À un coin de rue, l’étrangère s’arrêta, quitta le bras du comte, et lui tendit la main en le remerciant.

« N’avez-vous pas besoin de moi ? demanda le comte d’un ton discret, pendant que ses yeux priaient avec éloquence.

— Je demeure tout près d’ici ; je n’ai plus que quelques pas à faire ; je puis m’en aller seule.

— Du moment que vous l’ordonnez, je n’ai qu’à me séparer de vous, répondit Soltyk ; je vous avoue pourtant que je suis consterné à l’idée de ne plus vous revoir.

— Vous me reverrez.

— Puis-je vous demander ?…

— Non, non, dit l’étrangère d’une voix nette et décidée, pour aujourd’hui contentez-vous de savoir que je suis une jeune fille d’honnête famille, qui, revenant de visiter une amie malade, a été attaquée par une bande de rôdeurs de nuit, et qui n’est pas indigne de votre protection, comte Soltyk.

— Vous me connaissez ?

— Oui, que cela vous suffise. Vous entendrez bientôt parler de moi. Au revoir. »

Soltyk ôta son chapeau, et elle disparut après lui avoir adressé un salut d’une distinction suprême. Il regarda du côté où elle était partie et se frappa le front.

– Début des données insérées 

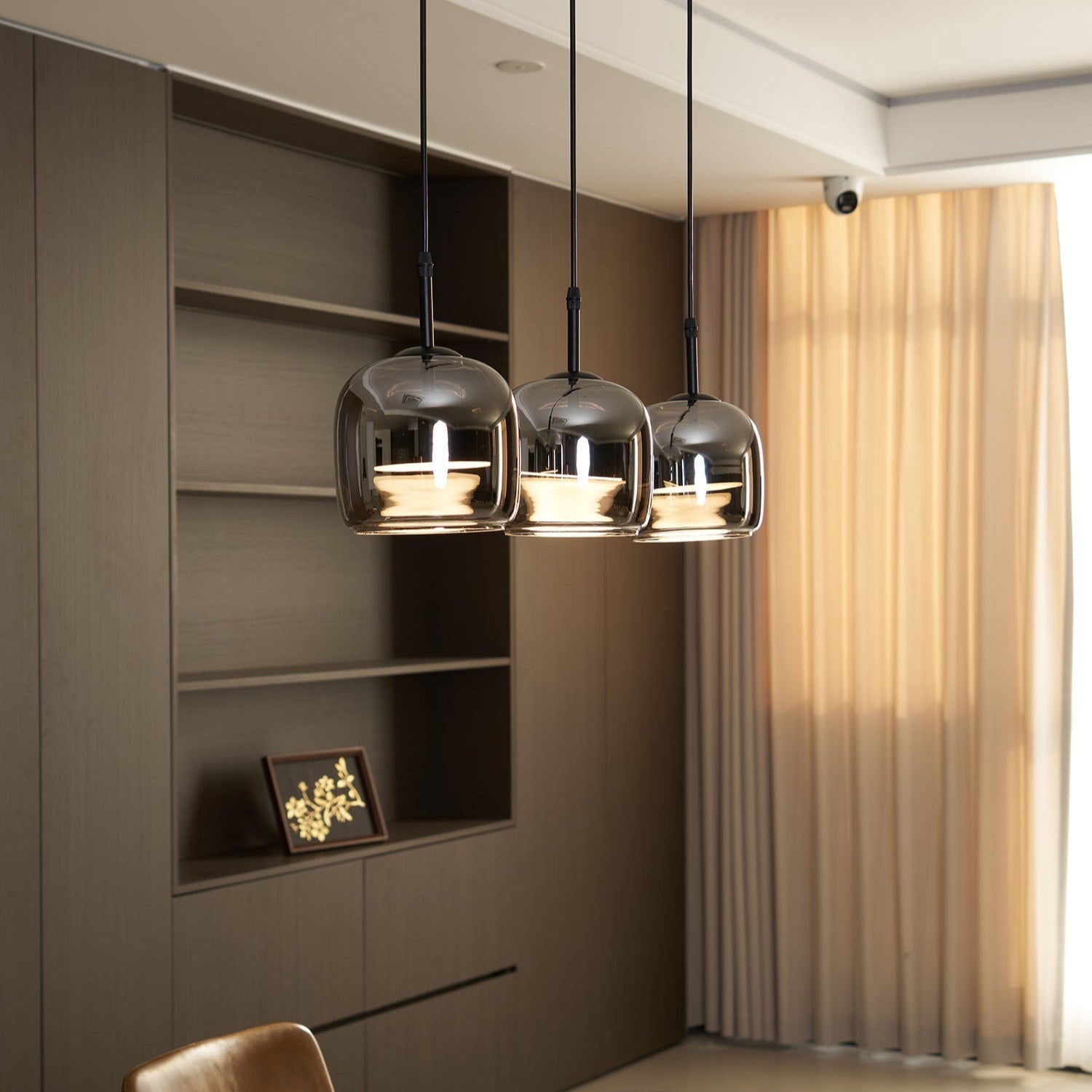 June Minimalist Pendant Light Glass Smoke Gray - Lamp Copper
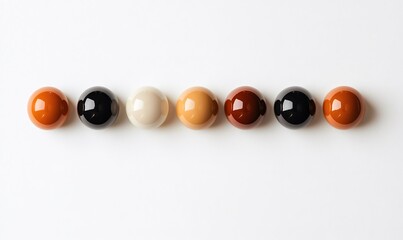 Polished spheres in a row symbolizing unity and diversity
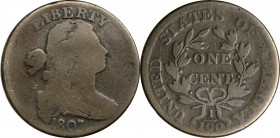 Draped Bust Cent

1807 Draped Bust Cent. S-276. Rarity-1. Large Fraction. Good-4.

This variety is found with many different die rotations, here t...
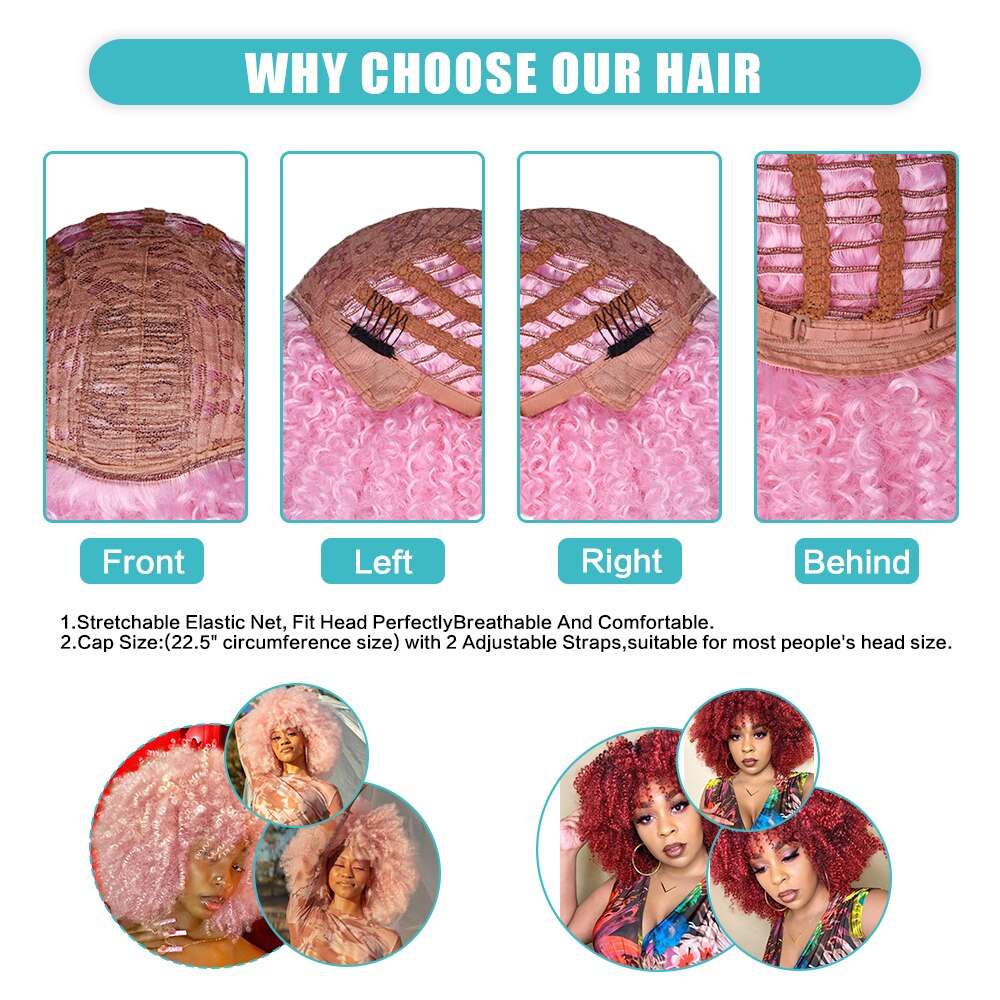 Short Hair Afro Kinky Curly Wigs With Bangs For Black Women Cosplay Lolita Synthetic Natural Blonde White Pink Blue Green Wig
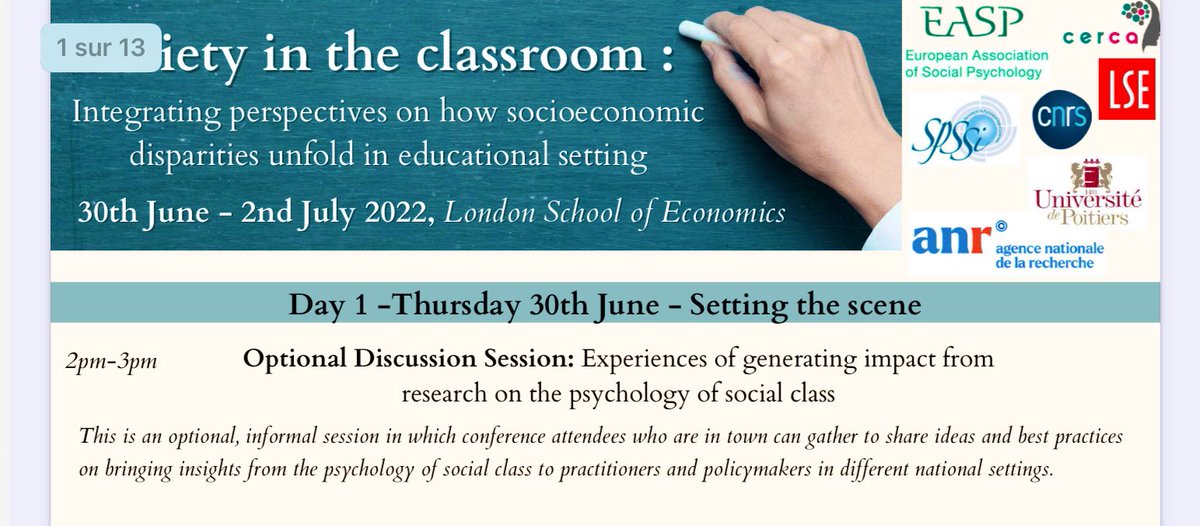 In two weeks will start #SocietyintheClassroom conference! We are very impatient with @jsskeffington @NM_Stephens to welcome all the participants of this small group meeting sponsored by @easpinfo and @SPSSI! A great opening with the keynote of @HazelRoseMarkus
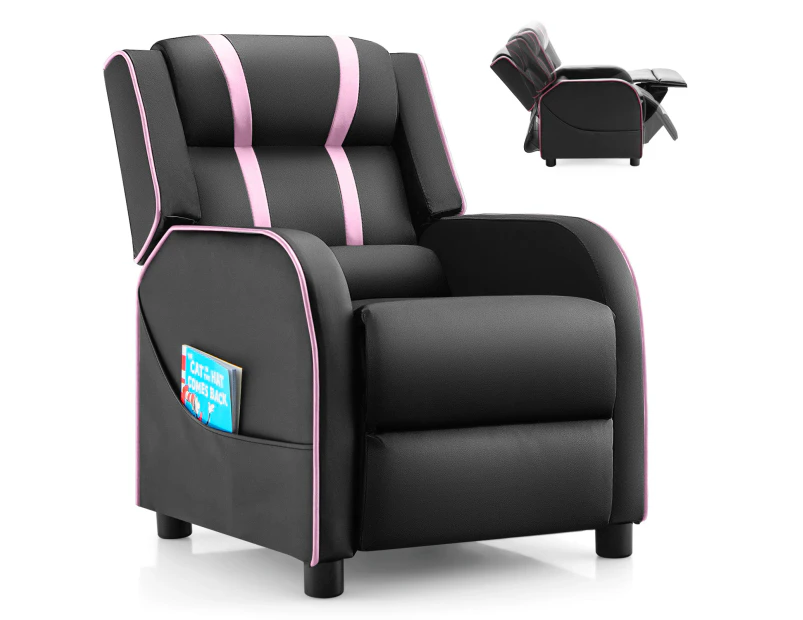 Adjustable Kids Sofa PU Leather Recliner Chair Upholstered Armchair w/2 Side Pockets Pink & Black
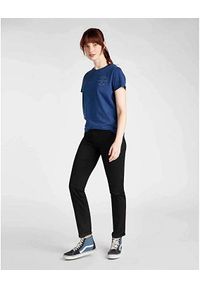 Lee - LEE SEASONAL GRAPHIC TEE DAMSKI T-SHIRT KOSZULKA NADRUK REGULAR FIT WASHED BLUE L41OFELR. Wzór: nadruk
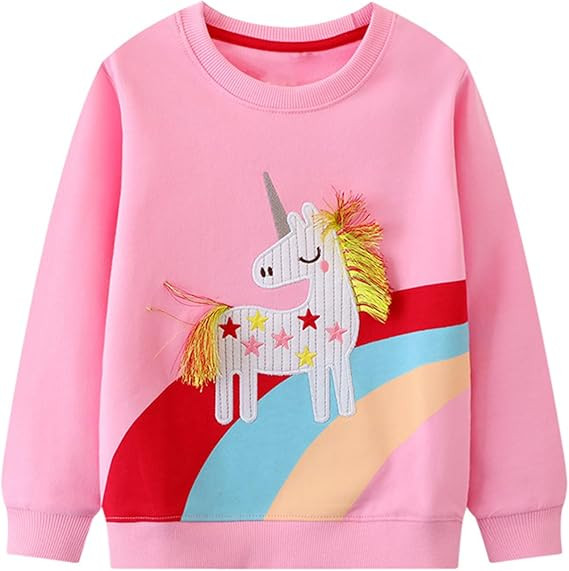 HILEELANG Toddler Girl Sweatshirts Cotton Casual Crew Neck Long Sleeve Tops Pullover Sweater Shir... | Amazon (US)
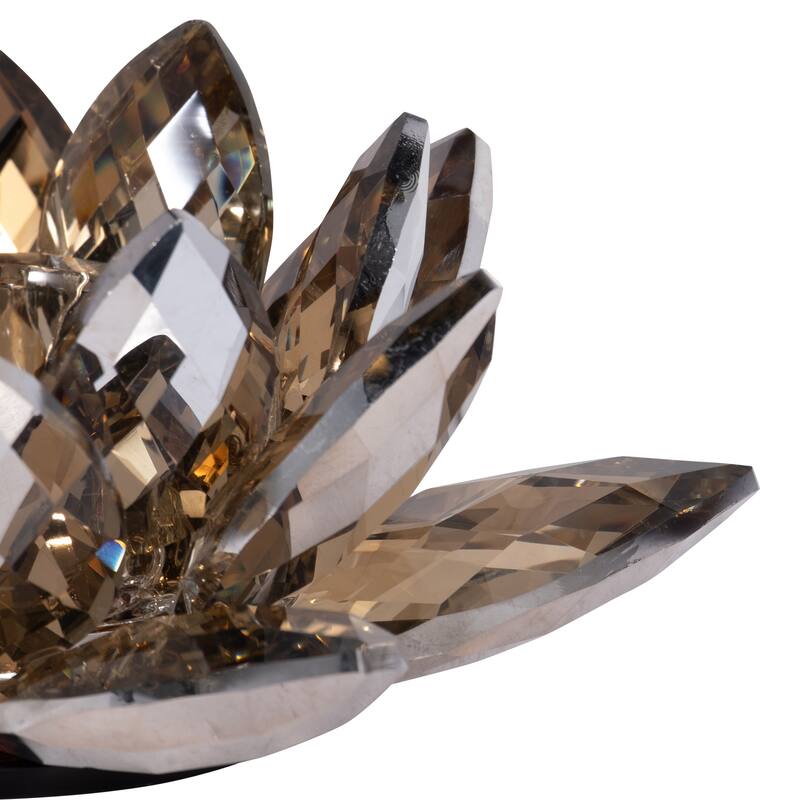 Iridescent Glass Crystal Lotus Votive Candle Holder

Étais-je donc aveugle ? murmura-t-il, c’est elle, ce ne peut être qu’elle, l’étrange et audacieuse jeune fille dont Sessawine nous a parlé. Des femmes de ce genre ne sont pas nombreuses ; c’est la première que j’aie rencontrée. Est-ce pour mon bonheur ou pour mon malheur ? »

Il revint lentement chez lui et resta longtemps assis dans sa chambre à coucher, auprès de son feu qui s’éteignait peu à peu, et plongé dans d’étranges rêveries.

Le lendemain matin, il s’éveilla avec la pensée qu’il allait la revoir, et cette pensée l’accompagna au manège, au club, au dîner, et dans l’après-midi chez Oginski.